Ruled by a powerful warrior aristocracy rich in gold treasures, the ancient Thracians inhabited an area extending over most of modern Bulgaria, northern Greece and European Turkey. Close ethnic links with their neighbours in both the Danube basin to the north and in Asia Minor to the east placed them at the centre of an extensive Balkan-Asian culture. Despite their subsequent absorption by a whole host of invaders and their eventual assimilation by the Slavs, the Thracians are regarded as one of the
bedrock peoples
of the Balkans whose ethnic stock (though much diluted) has endured - and the present-day Bulgarians are proud to claim them as ancestors. We're largely dependent on ancient Greek authors - notably Herodotus, Xenophon and Strabo - for knowledge of the Thracian world. Herodotus, in a famous passage you'll see quoted in museums throughout Bulgaria, claimed that the Thracian population was "greater than that of any country in the world except India", and would have been a force to be reckoned with had it not been for their tribal disunity.

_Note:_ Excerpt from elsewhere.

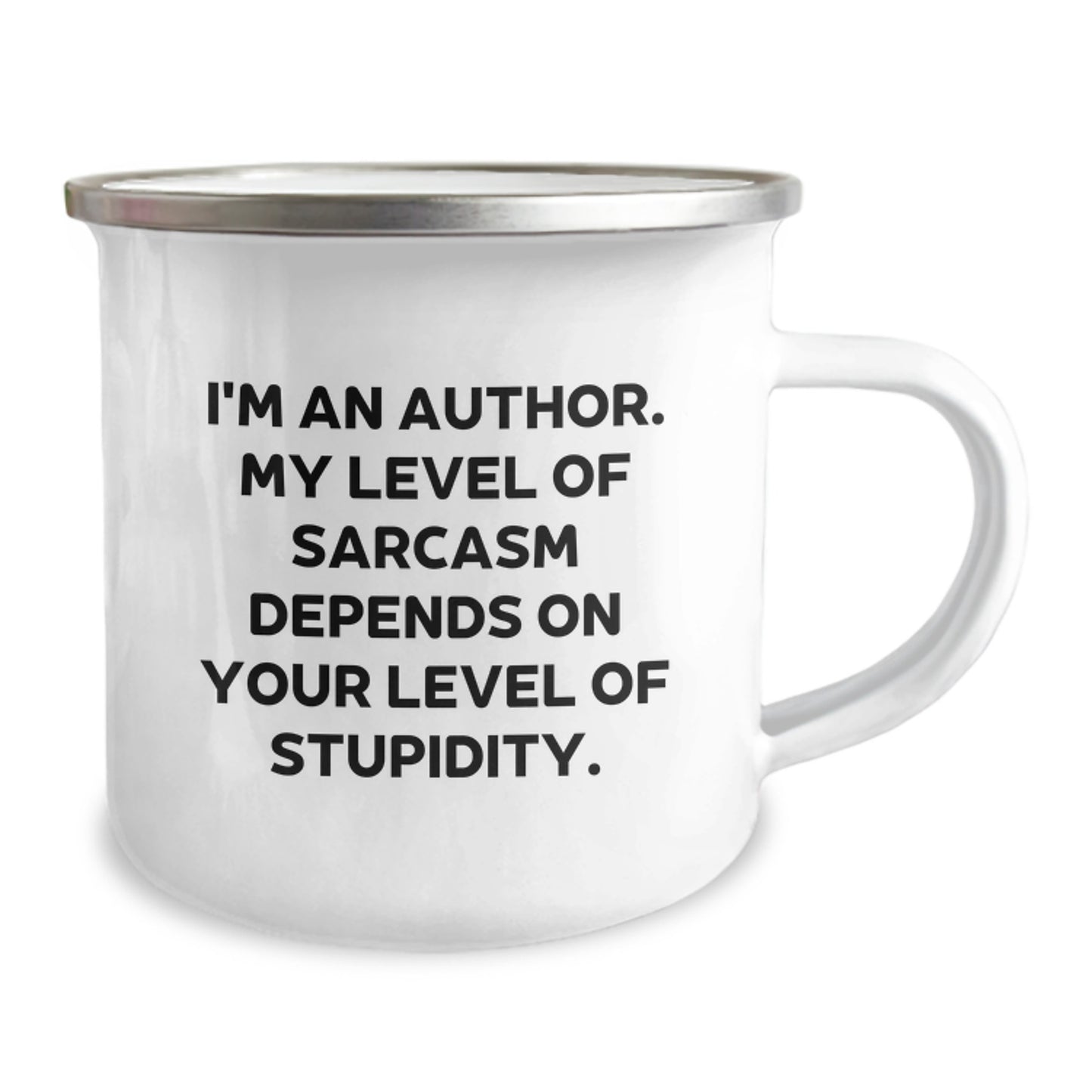 Author Gifts Funny Graduation Unique Gifts from Friends to Author Men Camping Mug I'm An Author My Level Of Sarcasm Depends On Your Level Of Stupidity - Image 2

Although the Thracians were admired for skills such as archery and horsemanship, many of their
customs
seemed slightly barbaric to their southerly neighbours. Certain tribes practised polygamy, others allowed their young women unlimited sexual freedom before marriage, while tattoos for both males and females were
de rigueur
in most areas. Strabo relates how one group of Thracians was nicknamed the
Capnobatae
(literally the "smoke treaders"), suggesting that they burned hemp seeds indoors and got high on the fumes. Dope-crazed hopheads or not, the Thracians practised an ecstatic,
orgiastic religion
, honouring deities closely linked with the Greek god Dionysus. Themes of death, rebirth and renewal figured highly in their religious rites, providing a corpus of belief from which the Greeks borrowed freely - most notably in the case of the legendary Thracian priest-king
Orpheus
.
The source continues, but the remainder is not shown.